Elle s'est assise, puis s'est mise à pleurer. Au milieu de la place, sur son banc ; les pieds dans ses chaussures, le contenu de son coeur s'écrasant sur le béton à chaque expiration. Comme si la moindre cellule de son corps avait envahi le paysage, sa moindre pensée encrée dans chaque interstice de ce monde. Et tous ces gens passent avec leurs âmes fissurées, le regard baigné dans leur liquide céphalique. Ils ne voient rien. Ils continuent à marcher sans se douter que leur sang s'assèche et pourri dans leurs veines, que leurs âmes tournent, comme le lait. Alors elle s'étend peu à peu sur son banc, plonge la tête dans les nuages, les yeux embués de larmes. Elle n'est même pas triste, non. Mais il pleut trop derrière ses yeux. Alors souvent, la mécanique s'emballe ; les rouages rouillent, crissent, se déboîtent, fonctionnent à contre sens. Branle-bas de combat dans les cavités de son trop grand cerveau. Elle barricade son coeur. Elle le sent, il approche.

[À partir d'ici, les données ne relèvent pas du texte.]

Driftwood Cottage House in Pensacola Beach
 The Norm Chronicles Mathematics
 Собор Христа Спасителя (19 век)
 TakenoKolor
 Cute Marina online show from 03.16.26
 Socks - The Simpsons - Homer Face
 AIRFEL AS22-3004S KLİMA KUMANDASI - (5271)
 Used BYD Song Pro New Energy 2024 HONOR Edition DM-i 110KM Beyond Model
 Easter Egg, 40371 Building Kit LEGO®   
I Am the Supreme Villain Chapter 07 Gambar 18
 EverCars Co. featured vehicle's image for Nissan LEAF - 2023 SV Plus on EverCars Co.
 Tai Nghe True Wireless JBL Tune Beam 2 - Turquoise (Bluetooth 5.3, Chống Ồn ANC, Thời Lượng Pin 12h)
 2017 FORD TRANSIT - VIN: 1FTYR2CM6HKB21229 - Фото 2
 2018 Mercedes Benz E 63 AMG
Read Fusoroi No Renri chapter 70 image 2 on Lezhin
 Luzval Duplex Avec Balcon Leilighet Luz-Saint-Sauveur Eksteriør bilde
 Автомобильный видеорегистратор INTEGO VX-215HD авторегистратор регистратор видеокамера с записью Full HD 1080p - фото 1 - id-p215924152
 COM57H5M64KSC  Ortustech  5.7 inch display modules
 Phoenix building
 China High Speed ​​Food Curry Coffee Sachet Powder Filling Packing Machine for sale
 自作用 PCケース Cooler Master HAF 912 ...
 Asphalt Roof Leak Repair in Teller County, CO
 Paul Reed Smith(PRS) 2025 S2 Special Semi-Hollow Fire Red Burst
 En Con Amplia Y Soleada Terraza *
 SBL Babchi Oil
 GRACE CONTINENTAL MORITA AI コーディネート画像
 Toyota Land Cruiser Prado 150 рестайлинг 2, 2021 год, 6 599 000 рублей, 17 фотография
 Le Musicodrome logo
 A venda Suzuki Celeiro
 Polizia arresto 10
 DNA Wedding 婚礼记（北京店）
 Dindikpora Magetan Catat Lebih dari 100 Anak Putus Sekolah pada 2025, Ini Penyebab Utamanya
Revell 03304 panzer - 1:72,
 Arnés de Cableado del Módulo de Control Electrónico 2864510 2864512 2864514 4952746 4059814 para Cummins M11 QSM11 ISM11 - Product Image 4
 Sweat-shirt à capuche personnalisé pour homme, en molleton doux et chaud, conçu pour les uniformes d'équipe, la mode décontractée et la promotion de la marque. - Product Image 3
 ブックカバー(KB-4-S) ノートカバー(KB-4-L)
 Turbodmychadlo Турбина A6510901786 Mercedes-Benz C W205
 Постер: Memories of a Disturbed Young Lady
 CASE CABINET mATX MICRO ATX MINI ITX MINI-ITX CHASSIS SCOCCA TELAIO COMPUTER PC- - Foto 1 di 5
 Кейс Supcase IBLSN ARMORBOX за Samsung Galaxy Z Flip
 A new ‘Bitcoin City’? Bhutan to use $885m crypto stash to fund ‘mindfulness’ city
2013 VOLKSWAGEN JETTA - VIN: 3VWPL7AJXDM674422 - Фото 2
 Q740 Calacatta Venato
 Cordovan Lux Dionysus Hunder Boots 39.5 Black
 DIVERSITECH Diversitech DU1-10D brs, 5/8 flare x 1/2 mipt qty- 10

Merci. Un mot à la vie, un mot pour la mort. La voix pleine d'amertume, le sang bouillonnant dans mes veines ; car le soleil ne brille plus sur mon coeur maintenant. Il a su s'affranchir des liens que j'avais tissés, resplendissant désormais sur des contrées que je ne saurais atteindre. Alors la nuit s'est abattue, froide, sur le paysage de mes viscères. Toutes remplies de nuit, oui, comme si la nourriture devenait cendre dans ma bouche, comme si l'eau prenait un plaisant goût d'acide. Et je reste là, à contempler les restes d'un passé baigné de larmes, saigné, déchiqueté, broyé. Un futur incertain, un présent absent. La cadence s'accélère, mon sang circule à l'envers, les rouages de ma vie s'entrechoquent, explosent et tombent dans un bruit fracassant. Le sol tremble sous mes pas, mon corps vacille, pris d'un sursaut que je ne saurais décrire. Un délire innommable. La faille de mon coeur est énorme. Je suis au bord du précipice. Juste au bord. Je saute.
Au bord de sa falaise, assise sur son banc. Confondues avec le paysage, comme si elles étaient le vent.
Le vent s'enflamme, une vague d'ivresse rédemptrice s'abat sur leurs coeurs en lambeaux.
Prisonnières de leurs corps depuis des éternités ; enfin délivrées de leurs chaînes.